- 3 cups low-fat plain yogurt, drained for 3 hours
 - 1 (4 ounce) can chopped green chilies, drained
 - 1/4 cup prepared Mexican salsa
 - 1/4 cup finely chopped cilantro
 - 1 teaspoon ground cumin
 - 1 teaspoon dried oregano leaves, crushed
 - 1/4 cup finely chopped green onions
 - 1 tablespoon lime juice
 - 1/8 teaspoon salt
 - Black pepper (optional)
 - Tortilla chips (optional)
 - 1 (13.5 ounce) package tortilla chips (optional)

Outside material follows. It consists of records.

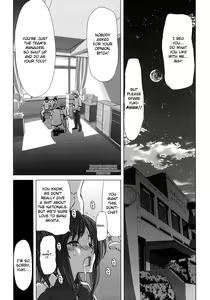 Page 3 of D.ASS - preview thumbnail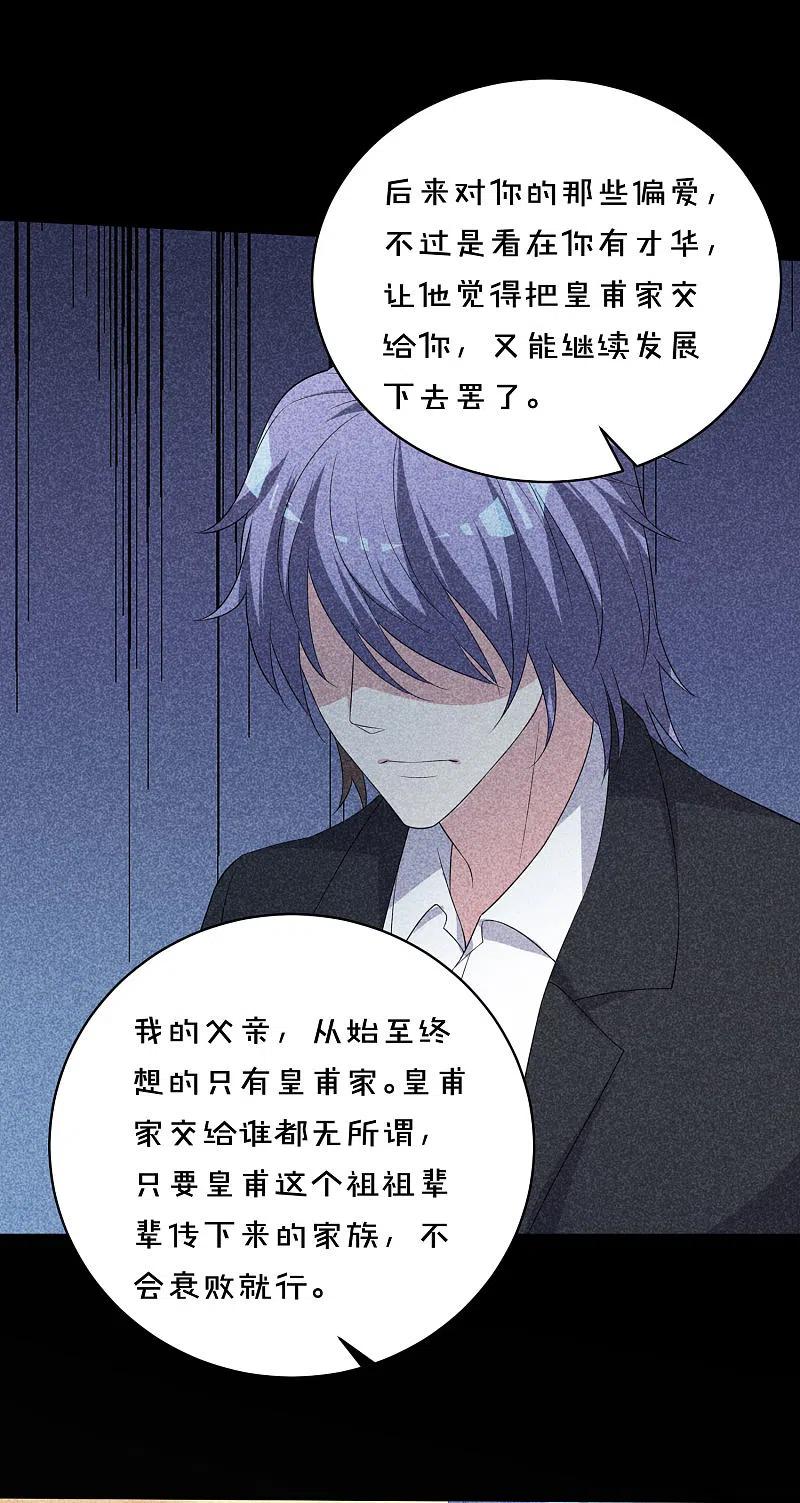 我被总裁黑上了！ - 第358话 - 第10张图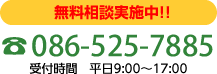 無料相談実施中！！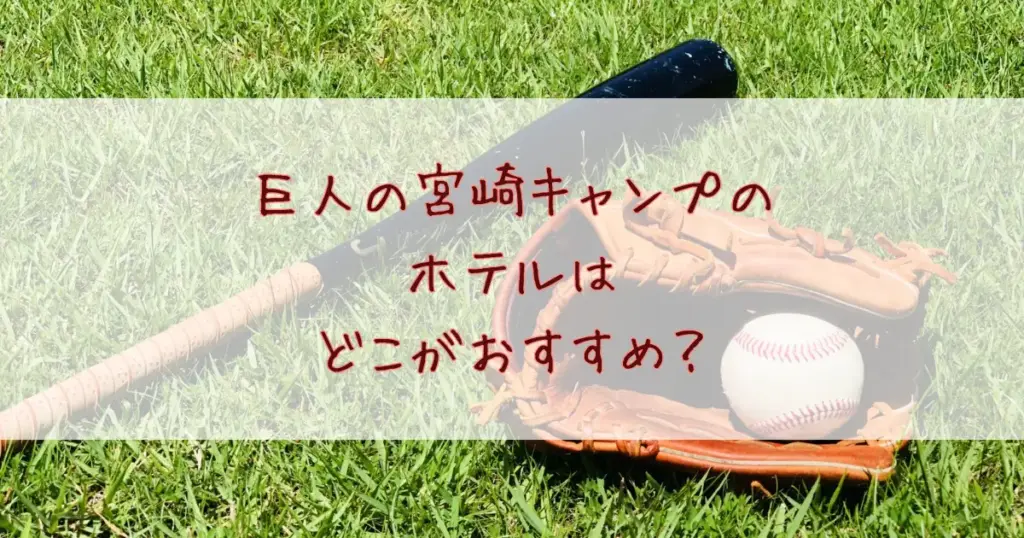 巨人の宮崎キャンプのホテルはどこがおすすめ？年の春季の日程もあわせて紹介！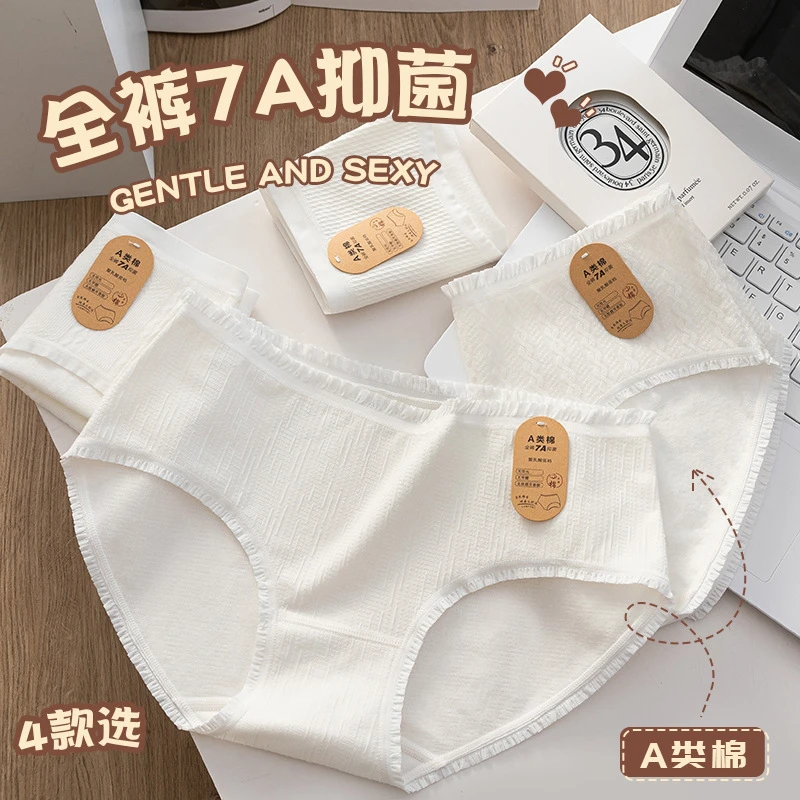 【4条装】】7A抗菌女士内裤 A类婴儿棉纯棉抗菌内裤 裸感亲肤原棉女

 - Cilantro leaves, for garnish
 - 6 cups assorted snacking vegetables such as: baby carrots, cauliflower or broccoli flowerets, celery sticks, cherry tomatoes, cucumbers, zucchini sticks
 
- In a medium-sized bowl, combine the drained yogurt with all remaining ingredients, except salt and pepper. Allow to chill covered for 15 minutes or more. Before serving, adjust seasonings, if desired.
 - Prepare all vegetables. Arrange on a large platter surrounding a medium-sized soup bowl. Optional: serve chips in a basket.
 - When ready, spoon dip into center bowl, garnish with additional cilantro and serve. Enjoy!